Sosial Media
powered by Surfing Waves
0
News
    Home Featured PBNU Spesial

    Sekjen PBNU: Rapat Pleno Versi Syuriyah Tidak Sah dan Langgar Keputusan Muktamar - Pantau

    3 min read

     

    Sekjen PBNU: Rapat Pleno Versi Syuriyah Tidak Sah dan Langgar Keputusan Muktamar

    Oleh Gerry Eka
    SHARE   :
    Foto: (Sumber:Ketua umum Pengurus Besar Nahdatul Ulama (PBNU) Yahya Cholil Staquf (tengah) didampingi Wakil Ketua Umum PBNU Masyhuri Malik (kiri) dan Sekjen PBNU Amin Said Husni (kanan) berfoto usai memberikan keterangan pers terkait penolakan penonaktifan dirinya sebagai ketua umum di Jakarta, Rabu (3/12/2025).)
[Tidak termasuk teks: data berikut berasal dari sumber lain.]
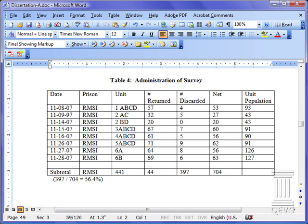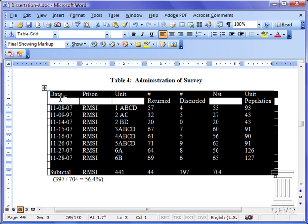Hello, this is David Miller with the Quality Educational Video Group. In this short tutorial we're going to show you how to format a table. In this particular table we see we have just created it and it has the default Microsoft Word format, which shows all of the grid lines. To select a table, position your cursor inside the table and you will notice this two-headed arrow up in the upper left-hand corner. If you click that little button with a two-headed arrow you will select the entire table.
    Pantau - Sekretaris Jenderal Pengurus Besar Nahdlatul Ulama (PBNU), Amin Said Husni, menegaskan bahwa rapat pleno yang digagas oleh Pengurus Besar Syuriyah PBNU pada 9–10 Desember 2025 tidak sah secara organisasi karena dinilai menyalahi konstitusi dan melanggar keputusan Muktamar ke-34 NU.

    Tiga Alasan Rapat Pleno Dinilai Cacat Hukum Organisasi

    Amin menyampaikan bahwa agenda tersebut tidak hanya tidak prosedural, tetapi juga “menabrak keputusan tertinggi organisasi, yakni Muktamar.”

    Ia menguraikan tiga alasan utama yang menjadikan rapat tersebut tidak memiliki dasar hukum yang sah:

    Pertama, rapat itu bersumber dari keputusan Rapat Harian Syuriyah tertanggal 20 November 2025, yang menurut Amin telah melampaui kewenangannya.

    Berdasarkan Anggaran Rumah Tangga (ART) NU Pasal 93, Rapat Harian Syuriyah tidak berwenang mengambil keputusan yang berdampak pada struktur Tanfidziyah, termasuk posisi Ketua Umum.

    "Keputusan tersebut hanya mengikat internal Syuriyah Harian sebagaimana Perkum 10/2025 Pasal 15 ayat 3. Jadi tidak ada efek apa pun terhadap kedudukan Ketua Umum", jelasnya.

    Kedua, secara prosedur, rapat pleno tersebut dianggap tidak sah karena melanggar ketentuan tata kepemimpinan rapat.

    Menurut Pasal 58 ayat (2) huruf c dan Pasal 64 ART NU, rapat pleno PBNU wajib dipimpin oleh Rais Aam bersama Ketua Umum.

    "Kalau Ketua Umum tidak dilibatkan, maka rapat pleno itu sejak awal batal demi hukum", tegas Amin.

    Ketiga, rencana menetapkan “Pejabat Ketua Umum” dianggap tidak memiliki dasar hukum.

    Perkum Nomor 13 Pasal 4 ayat (1) menyebut jabatan Pejabat Ketua Umum hanya dapat digunakan jika terjadi pergantian antar waktu karena fungsionaris berhalangan tetap.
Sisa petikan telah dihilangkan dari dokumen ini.